Problem -> From the first line of the records below, transcribe each line exactly up to and including the one with "Mackenzie Mgbako Indiana Basketball Player"; pictures stay out.

Data ->

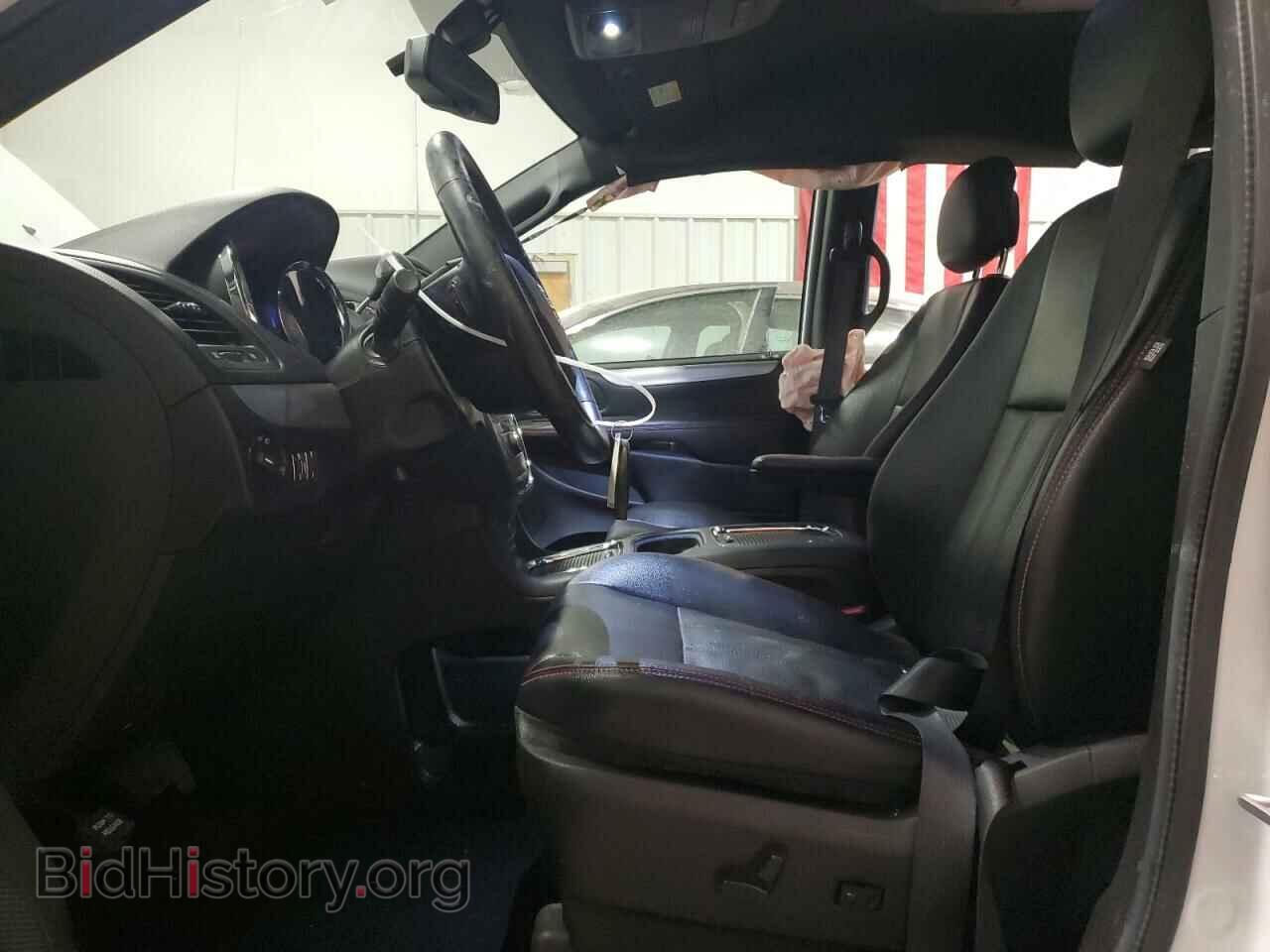 2016 DODGE CARAVAN - VIN: 2C4RDGEG1GR333821 - Фото 7
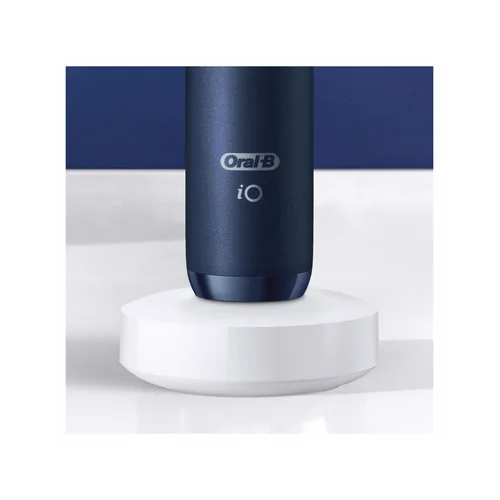 Oral-B iO7 Saphire Blue Elektrinis dantų šepetėlis image 3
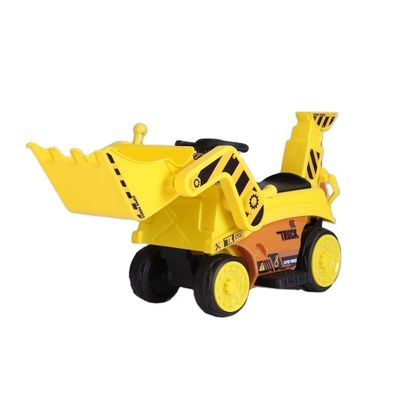 2022 Kids12v Ride On Bulldozer Esca elettrica all'aperto Veicolo da costruzione per bambini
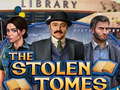 遊戲The Stolen Tomes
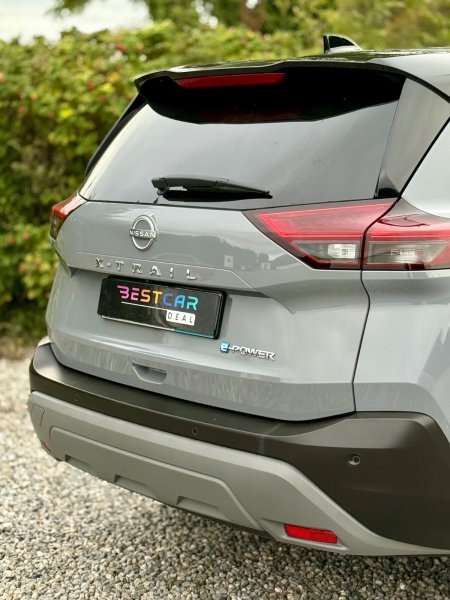 2026 Nissan X-Trail - photo 35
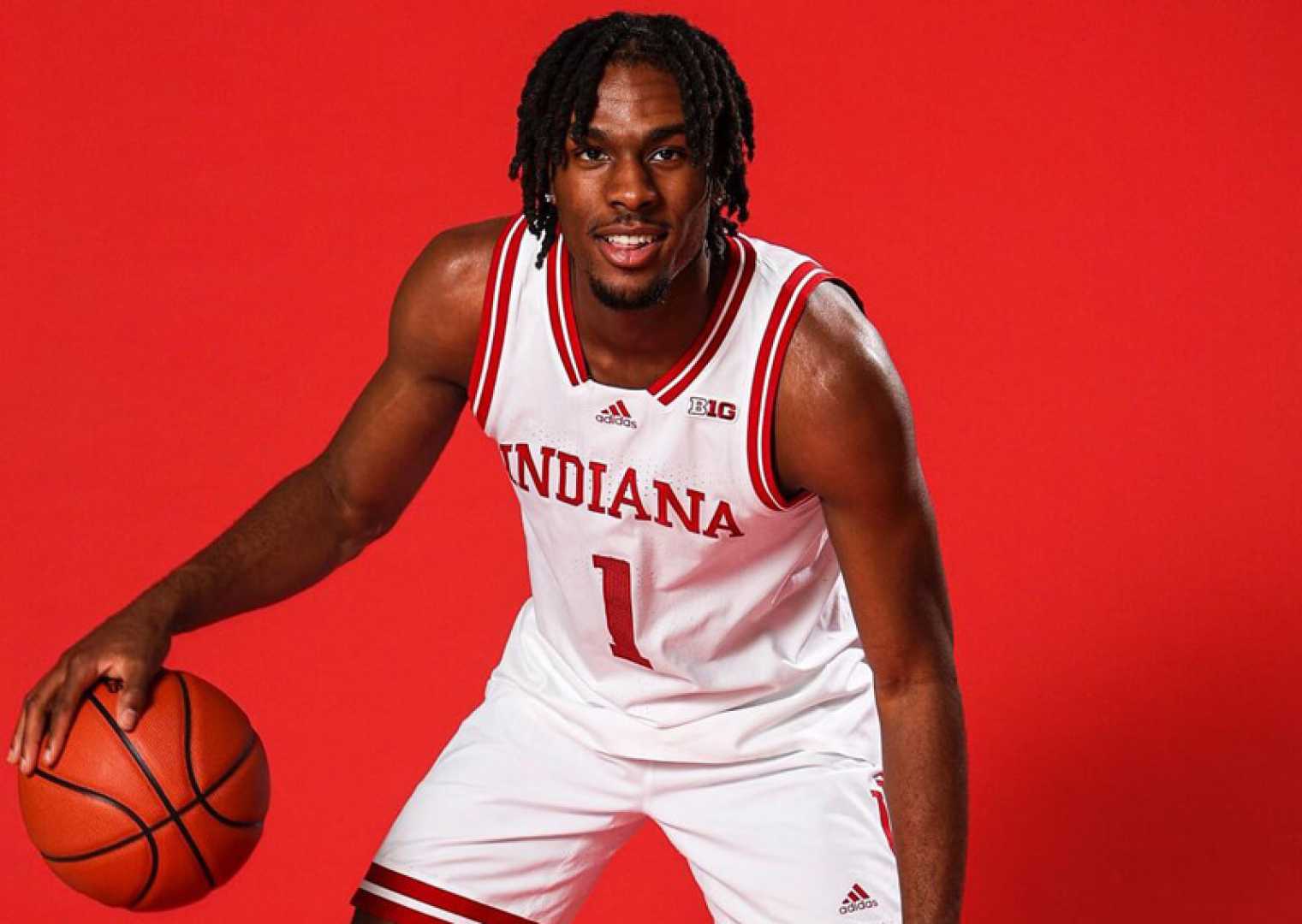 Mackenzie Mgbako Indiana Basketball Player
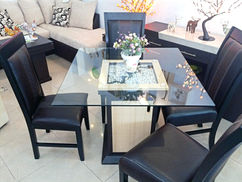 comedor con luz, comedor sobre diseño, comedor minimalista, comedor elegante, comedor barato, mesa con luz, mesa elegante, mesa minimalista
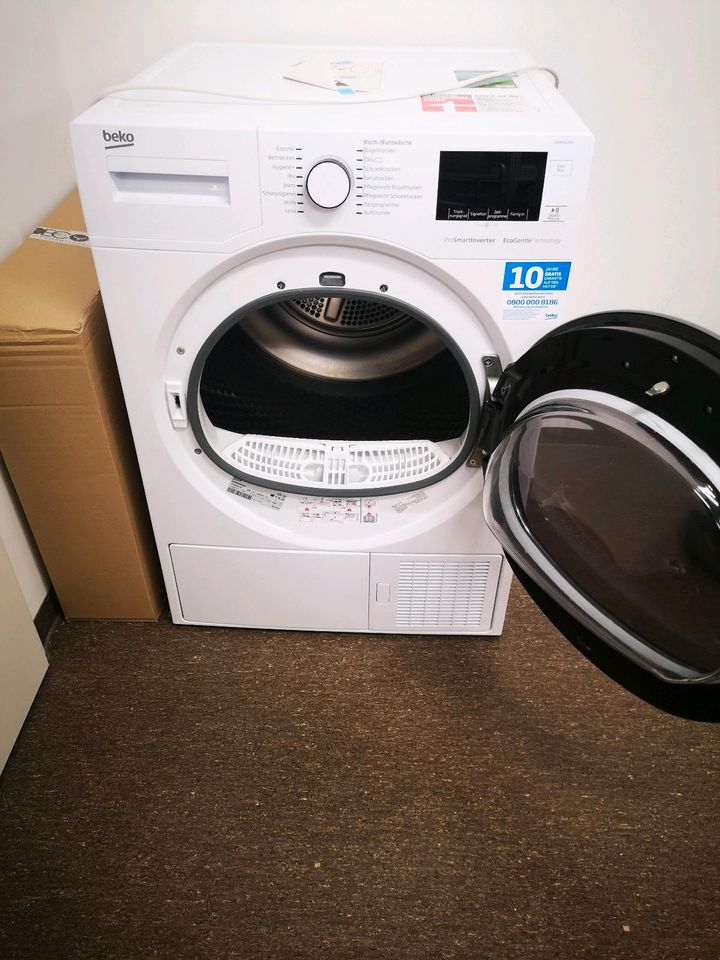 BEKO smartinverter Trockner DE 8634RX0 in Dresden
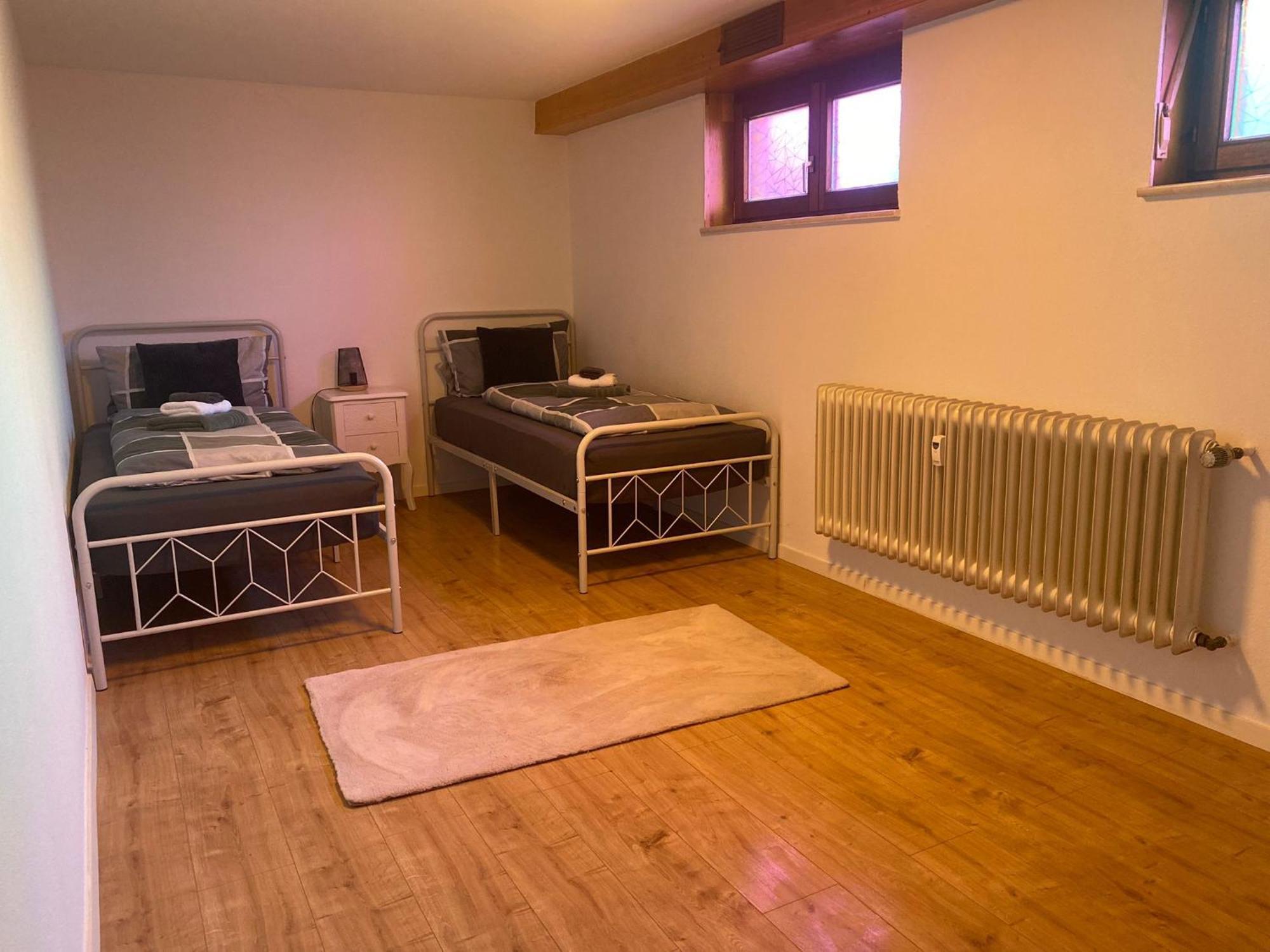 Ferien & Business Apartments Hohenfels Hohenfels  Dış mekan fotoğraf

Written reply ->
 2016 DODGE CARAVAN - VIN: 2C4RDGEG1GR333821 - Фото 7
 Oral-B iO7 Saphire Blue Elektrinis dantų šepetėlis image 3
 2022 Kids12v Ride On Bulldozer Esca elettrica all'aperto Veicolo da costruzione per bambini
 遊戲The Stolen Tomes
 2026 Nissan X-Trail - photo 35
 Mackenzie Mgbako Indiana Basketball Player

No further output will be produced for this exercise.